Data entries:
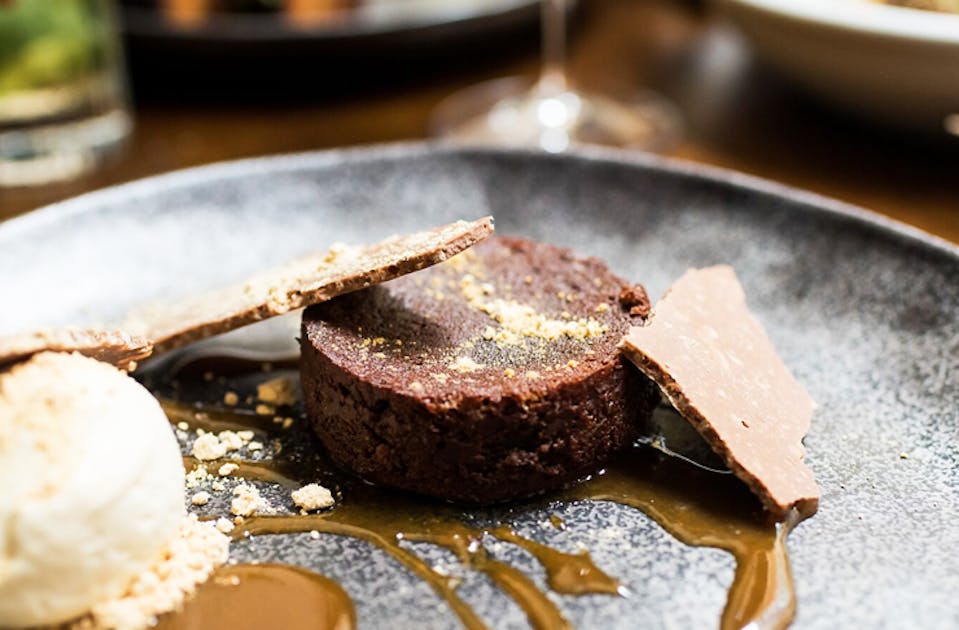 Sydney’s Best New Restaurants The 2017 Edit URBAN LIST SYDNEY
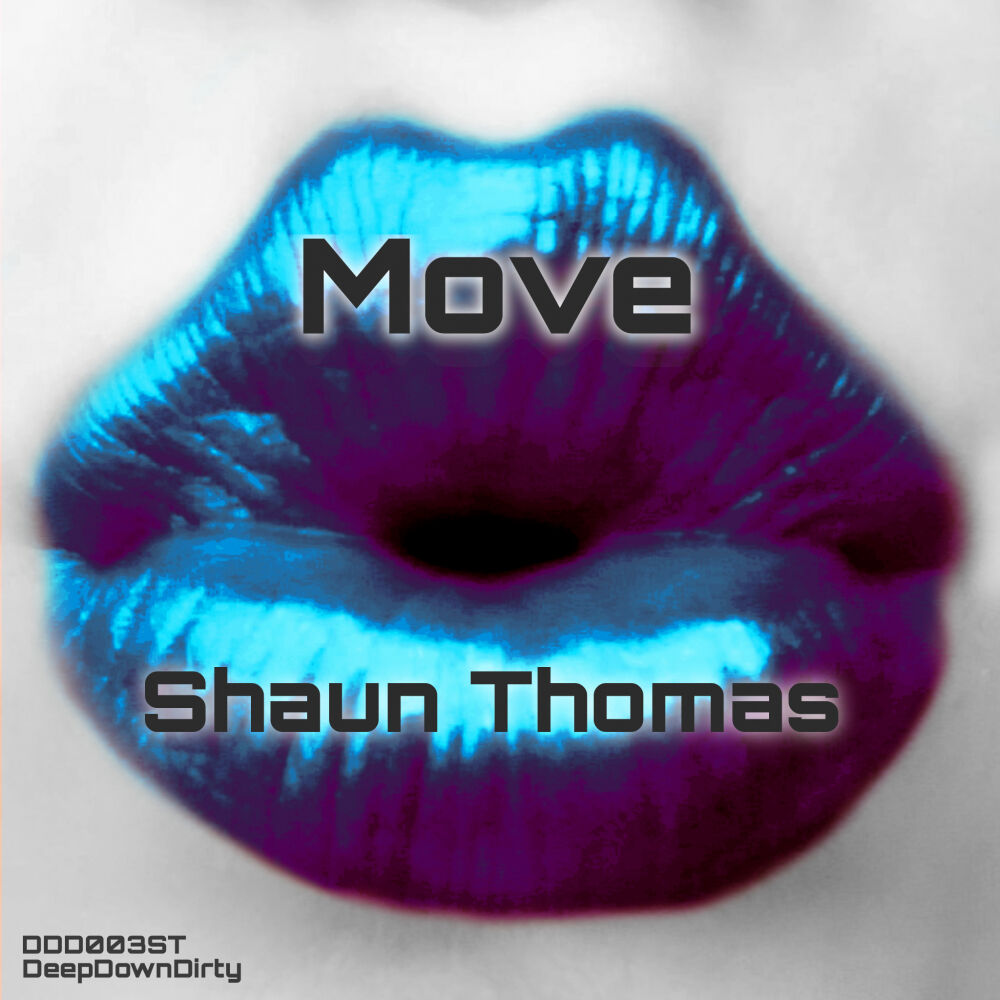 Picture of Move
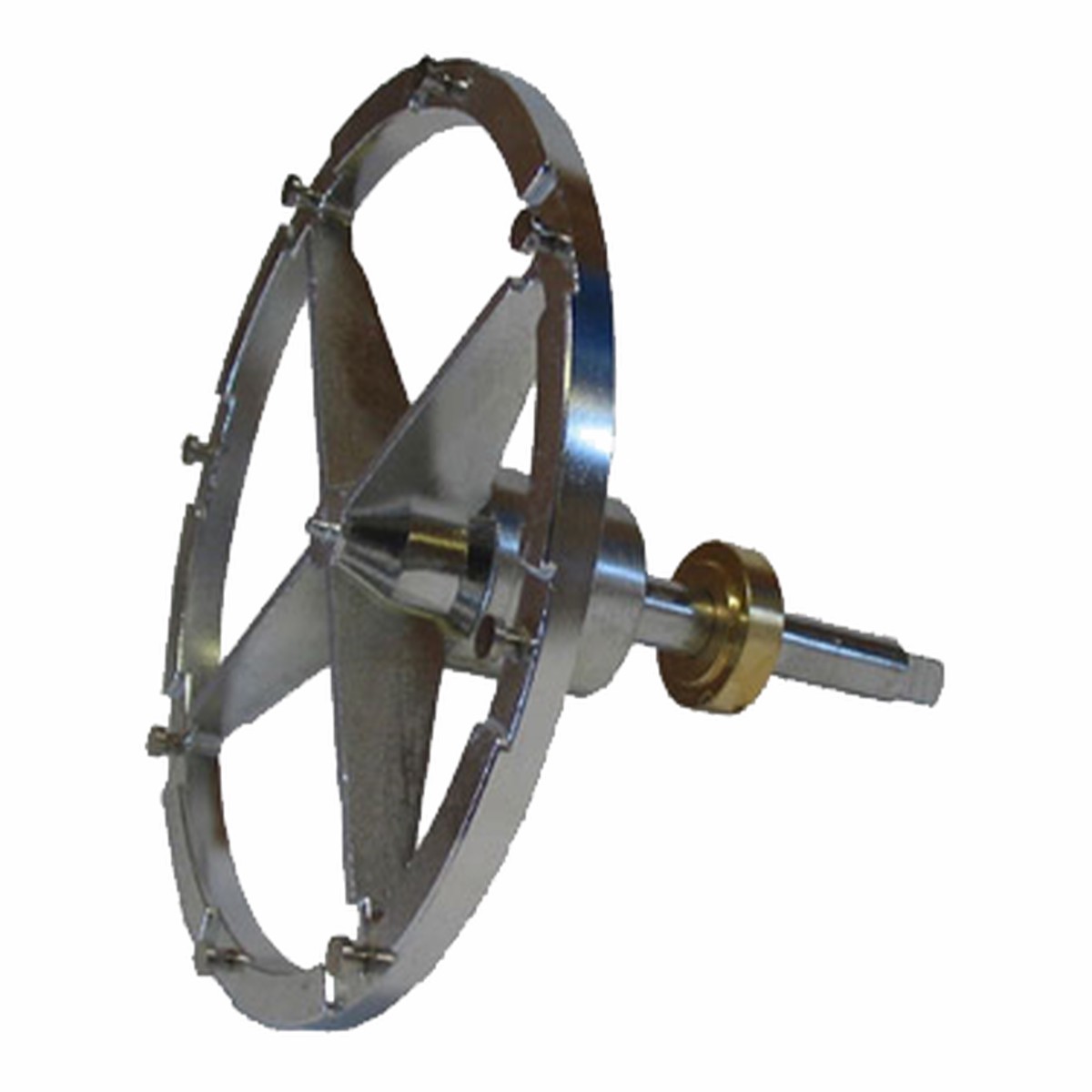 product-details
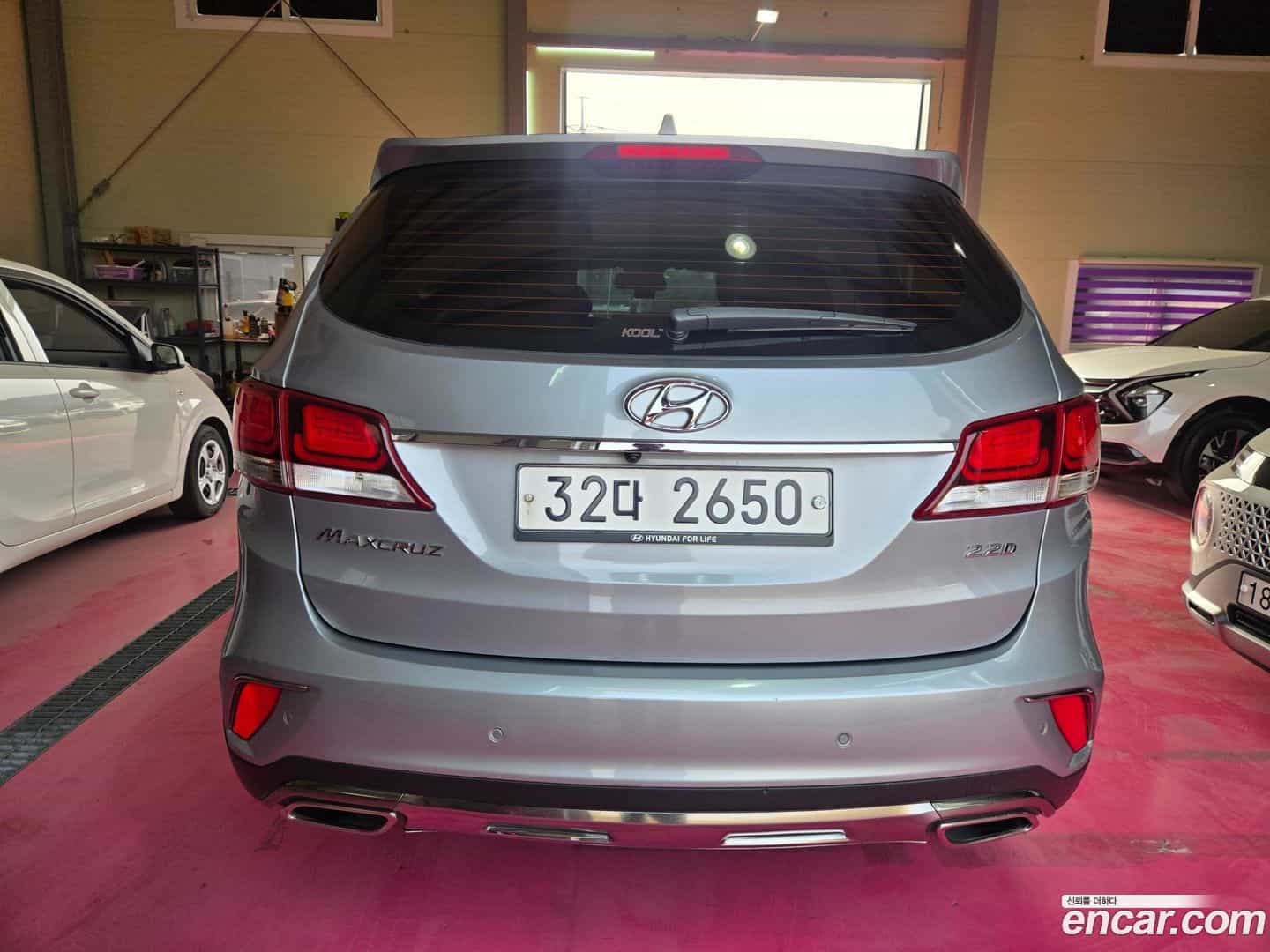 Maxcruz Hyundai 2017.7-OUTER-004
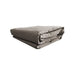 ROOF FOR GARDEN TENT HD HD-10131 - Шатри<<<Чадъри сенници и шатри<<<Градина<<<Praktiker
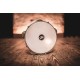 8 3/4" Фрейм барабан MEINL Artisan Edition White Burl Mosaic Royale Riq Drum AERIQ1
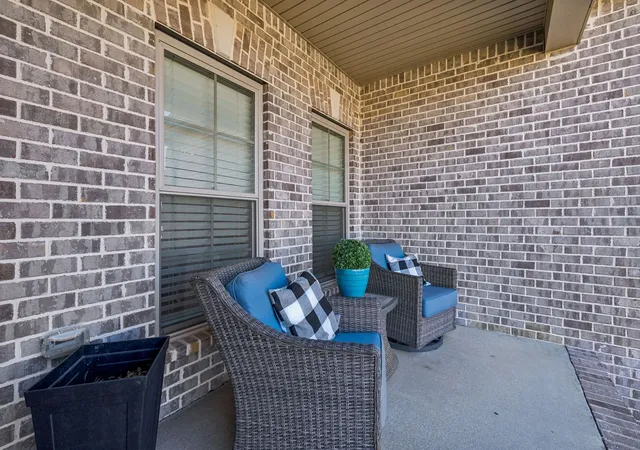 2nd image of 2807 Presley Dr, Murfreesboro, TN 37128 | MLS# 3132340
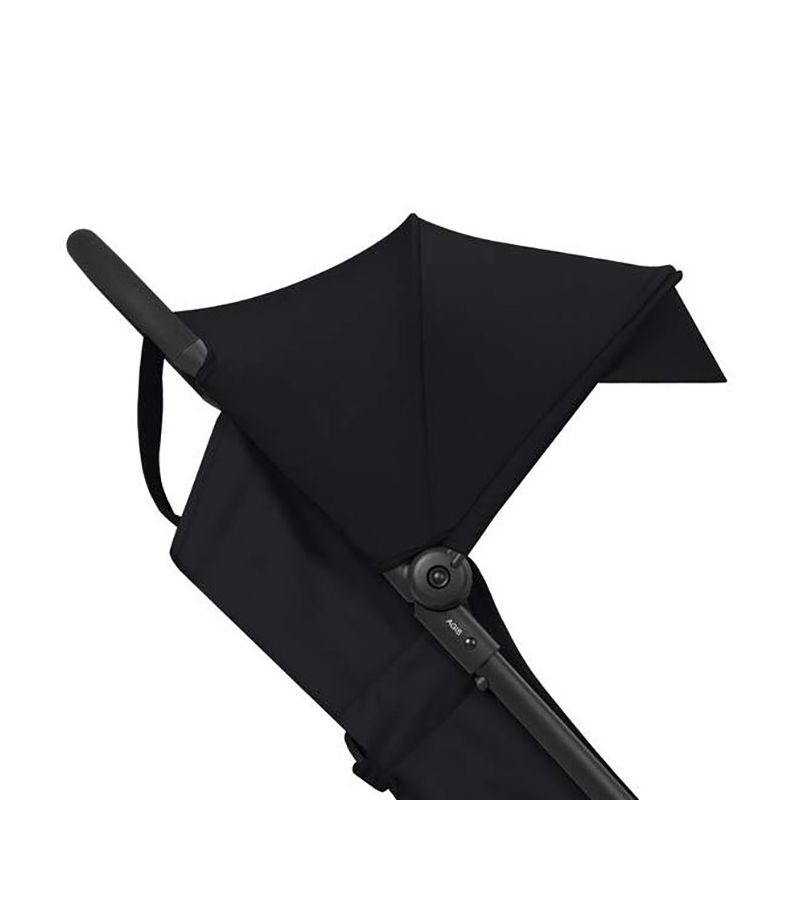 Παιδικό καρότσι CYBEX Agis BLK Magic Black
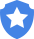 公安图标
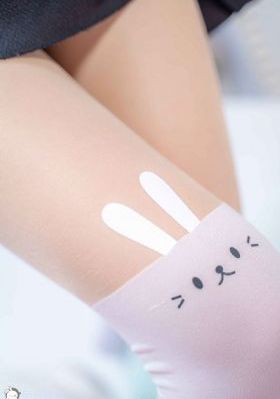 芒果视频色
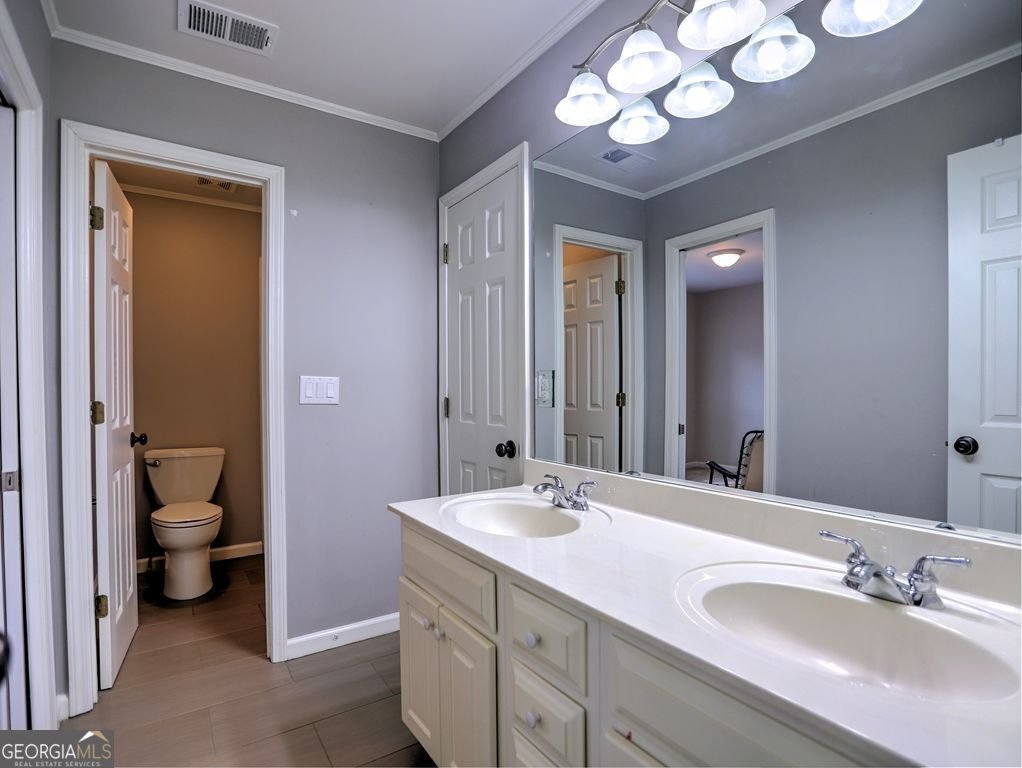 3505 Bonaire Court Marietta - 31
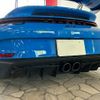 porsche 911 2023 CFJ1807708 image 11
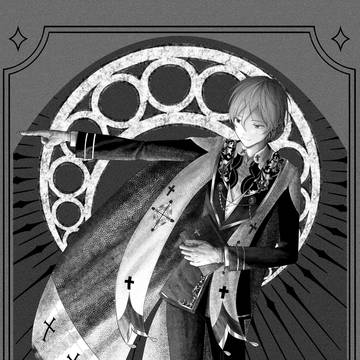 あんスタまとめ②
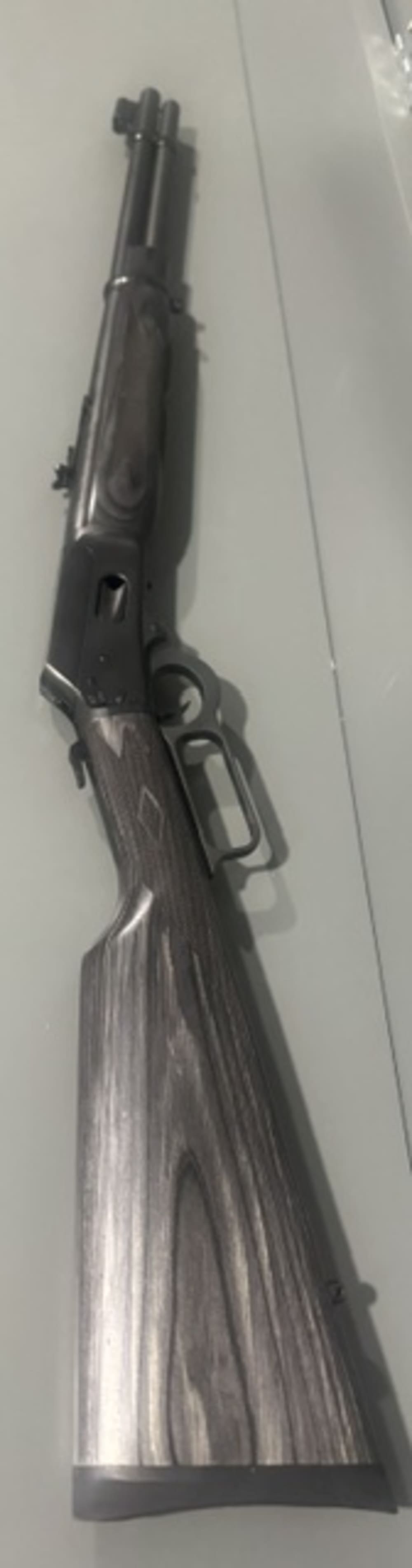 Marlin 1894 Guide Gun 357 Magnum | 38 Special - NO CC FEE-img-3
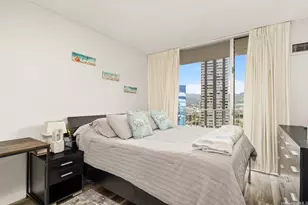 1925 Kalakaua Ave, Honolulu, HI 96815 - Photo 9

→ Task objective:
Reproduce nothing but the lines that run from the line containing "product-details" through the last line of the records, inclusive. Omit the pictures.

→ Answer:
 product-details
 Maxcruz Hyundai 2017.7-OUTER-004
 ROOF FOR GARDEN TENT HD HD-10131 - Шатри<<<Чадъри сенници и шатри<<<Градина<<<Praktiker
 8 3/4" Фрейм барабан MEINL Artisan Edition White Burl Mosaic Royale Riq Drum AERIQ1
 2nd image of 2807 Presley Dr, Murfreesboro, TN 37128 | MLS# 3132340
 Παιδικό καρότσι CYBEX Agis BLK Magic Black
 公安图标
 芒果视频色
 3505 Bonaire Court Marietta - 31
 porsche 911 2023 CFJ1807708 image 11
 あんスタまとめ②
 Marlin 1894 Guide Gun 357 Magnum | 38 Special - NO CC FEE-img-3
 1925 Kalakaua Ave, Honolulu, HI 96815 - Photo 9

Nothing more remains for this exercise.